A expressão utilizada pelo procurador-geral de Justiça em Mato Grosso é uma reação à tentativa da Câmara Federal de se estabelecer a possibilidade de revisão da atuação finalística do Ministério Público também no âmbito administrativo. Atualmente, a atuação de promotores e procuradores de Justiça já passam pelo crivo do Poder Judiciário no decorrer do processo judicial.

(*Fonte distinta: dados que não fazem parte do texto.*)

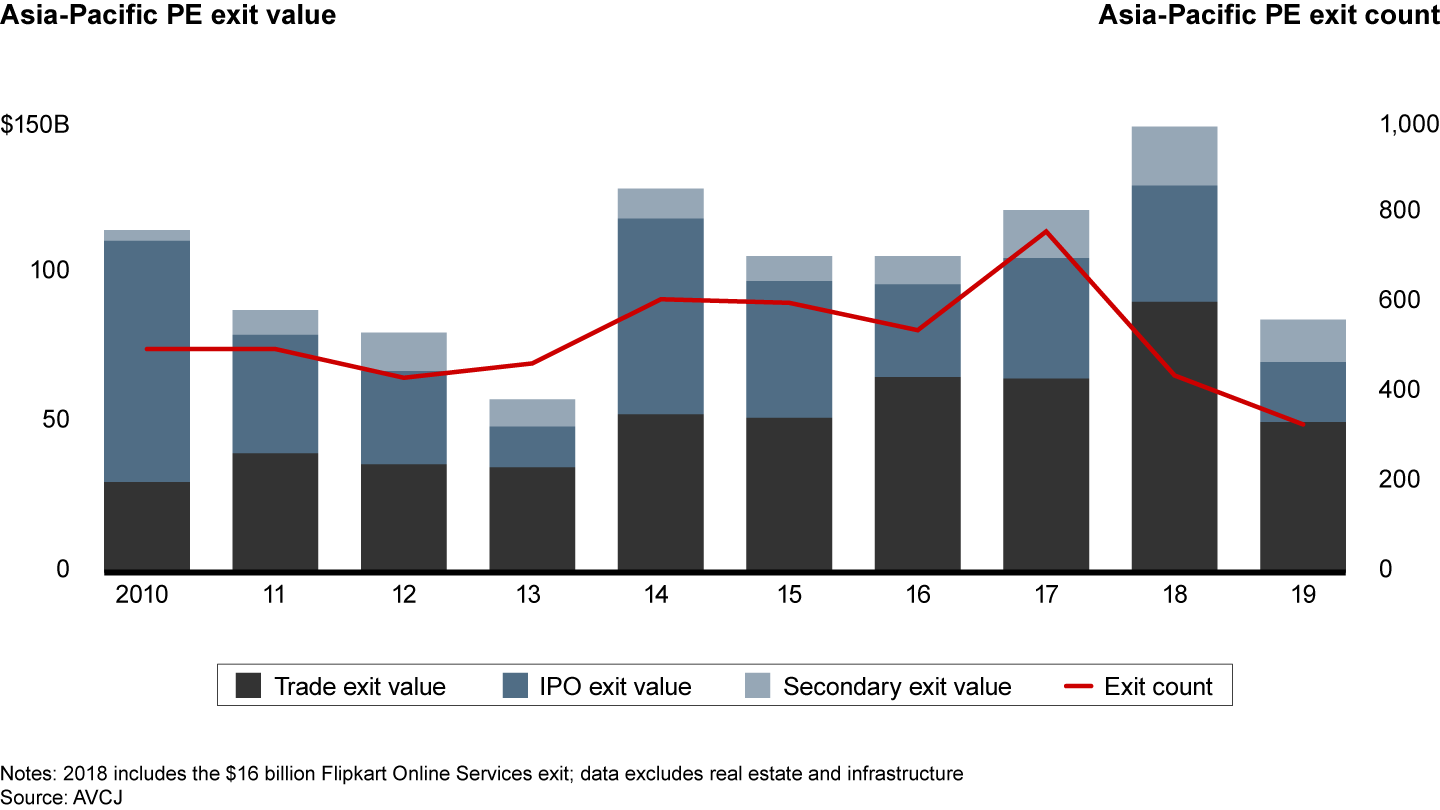 Asia-Pacific exit value plunged by 43%, and exit count dropped to a 10-year low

Durante entrevista coletiva à imprensa, realizada nesta quarta-feira (13), o procurador-geral de Justiça estava acompanhado do presidente da Associação Mato-grossense do Ministério Público, promotor de Justiça Rodrigo Fonseca Costa. Ambos chamaram a atenção da sociedade sobre os riscos que a referida PEC representa para a independência funcional dos membros da instituição.

Eles repudiaram três pontos da proposta: O primeiro refere-se à mudança na indicação do corregedor do Conselho Nacional do Ministério Público, que deixaria de ser eleito democraticamente dentre os membros do Ministério Público e passaria a ser indicado um membro do MP escolhido pelo Senado ou Câmara Federal. O segundo ponto diz respeito à possibilidade de revisão, pelo CNMP, das decisões do Conselho Superior do Ministério Público (CSMP) em relação à atuação finalística dos promotores de Justiça. E, por último, as alterações que estão sendo sugeridas para a composição do CSMP dos estados e da União, que passaria a ter dois terços dos seus membros indicados pelo procurador-geral de Justiça ou pelo procurador-geral da República.

Eu não vejo nenhuma motivação jurídica nessa proposta de emenda constitucional, mas um retrocesso. Caso seja aprovada, passaremos a ter ingerências políticas em uma afronta latente à sociedade brasileira”, ressaltou o presidente da AMMP.

O melhor detergente é a luz do sol. O que se busca com essa PEC é botar uma peneira no sol para filtrar aquilo que o Ministério Público deve ou não fazer para cumprir a sua missão. Querem deixar um tempo nublado em relação àquilo que o MP precisa fazer, que é a sua missão constitucional”, finalizou o procurador-geral de Justiça.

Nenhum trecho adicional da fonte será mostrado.